By Chris Lewis - posted Friday, 10 September 2021

We live in a time when liberal democracies are regularly (and rightfully) reminded of the need to address ongoing incidents of racism in society (and sport).

For example, one 2021 article observes "that only 3.9% of coaches in Europe's 14 biggest (football) leagues have an ethnic minority background", perhaps replicating "age-old historic patterns of black labourers and white owners supported by scientific racism, slavery and colonialism".

However, while racist incidents persist, it is also important to show the progress that has occurred in recent decades in certain liberal democracies (including Australia, the US and England) with regard to sport rather than accept critical analysis alone.
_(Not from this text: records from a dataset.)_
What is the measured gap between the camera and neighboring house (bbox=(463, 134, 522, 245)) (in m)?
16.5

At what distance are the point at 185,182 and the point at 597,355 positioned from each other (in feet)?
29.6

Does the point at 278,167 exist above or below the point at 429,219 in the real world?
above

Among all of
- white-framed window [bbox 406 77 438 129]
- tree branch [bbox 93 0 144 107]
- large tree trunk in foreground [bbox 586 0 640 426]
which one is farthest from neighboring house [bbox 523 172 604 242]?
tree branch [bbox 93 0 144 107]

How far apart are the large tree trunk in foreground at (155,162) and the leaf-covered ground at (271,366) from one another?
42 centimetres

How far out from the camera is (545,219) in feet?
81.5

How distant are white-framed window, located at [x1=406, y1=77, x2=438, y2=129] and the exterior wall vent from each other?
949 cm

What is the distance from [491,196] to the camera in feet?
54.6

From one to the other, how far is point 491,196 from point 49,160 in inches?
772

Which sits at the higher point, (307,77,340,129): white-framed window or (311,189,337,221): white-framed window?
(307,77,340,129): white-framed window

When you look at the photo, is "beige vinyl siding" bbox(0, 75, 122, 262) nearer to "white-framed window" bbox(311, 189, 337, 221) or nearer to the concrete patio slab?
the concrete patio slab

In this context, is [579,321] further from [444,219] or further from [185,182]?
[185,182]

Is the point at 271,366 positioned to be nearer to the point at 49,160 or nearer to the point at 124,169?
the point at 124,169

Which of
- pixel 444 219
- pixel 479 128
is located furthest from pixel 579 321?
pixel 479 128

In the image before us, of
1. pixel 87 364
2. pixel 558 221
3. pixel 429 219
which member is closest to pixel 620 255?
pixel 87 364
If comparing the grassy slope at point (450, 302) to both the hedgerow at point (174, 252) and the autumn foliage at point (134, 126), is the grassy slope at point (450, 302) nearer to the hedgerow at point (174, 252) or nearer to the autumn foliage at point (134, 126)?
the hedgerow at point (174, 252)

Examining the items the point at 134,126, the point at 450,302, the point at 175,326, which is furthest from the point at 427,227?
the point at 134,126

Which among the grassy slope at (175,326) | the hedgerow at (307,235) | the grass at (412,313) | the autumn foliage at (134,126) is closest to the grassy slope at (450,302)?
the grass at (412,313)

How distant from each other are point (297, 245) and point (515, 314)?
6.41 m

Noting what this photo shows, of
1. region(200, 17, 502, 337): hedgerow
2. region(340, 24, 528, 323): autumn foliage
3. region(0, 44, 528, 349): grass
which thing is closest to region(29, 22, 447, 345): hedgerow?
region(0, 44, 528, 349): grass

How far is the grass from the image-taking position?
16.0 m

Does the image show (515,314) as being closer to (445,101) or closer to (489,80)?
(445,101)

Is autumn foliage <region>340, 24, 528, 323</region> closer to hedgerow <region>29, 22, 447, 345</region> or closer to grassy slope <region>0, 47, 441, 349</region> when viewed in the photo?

In this article, I will highlight aspects of the major football code experience in Australia, the US and England to provide historical reasons why the culture towards race/ethnicity in sport is much better today than decades ago, and how attitudes continue to evolve for the better in recent times.

While entrenched racism was evident in the English-speaking nations by the early 20th century, the inherent strength of their liberal democracies always gave individuals/groups a legitimate right/opportunity to promote their cause and express views, albeit the rate of change for issues such as racism was painful and very slow.

Nowhere is the racism in sport issue better understood than in the US given that the African American population has been around 10-12 per cent since 1890 when segregated sports became evident at a time when sports in the liberal democracies flourished.

In contrast, the proportion of United Kingdom (UK) people born in Africa or the Caribbean was still just 0.4 per cent of the total population by 1961, with those who identified with African heritage only increasing to 3 per cent by the 2011 UK Census.

In Australia, its population was mostly British up to the Second World War before the arrival of many immigrants from Southern and Eastern Europe, with a more diverse mix of immigrants (including Asians and Africans) only occurring from the 1970s with the softening of the White Australia policy.

However, the US experience with racism would also influence British and Australians as many were constantly exposed to US culture, whether it be entertainment, social and political developments.


In the US, constantly evolving through societal interaction that challenged the status quo, barriers for blacks in US sport were gradually broken down by various factors, including those who bravely challenged the absurdity of racism.

For instance, a 1940 New York University protest from 1940 into 1941 "served notice to intercollegiate sports world that discrimination based on colour "would no longer be tolerated" after its football team chose to expel seven protest leaders and sideline its star black player simply because the opponent (the University of Missouri) maintained a strict colour line over interracial play.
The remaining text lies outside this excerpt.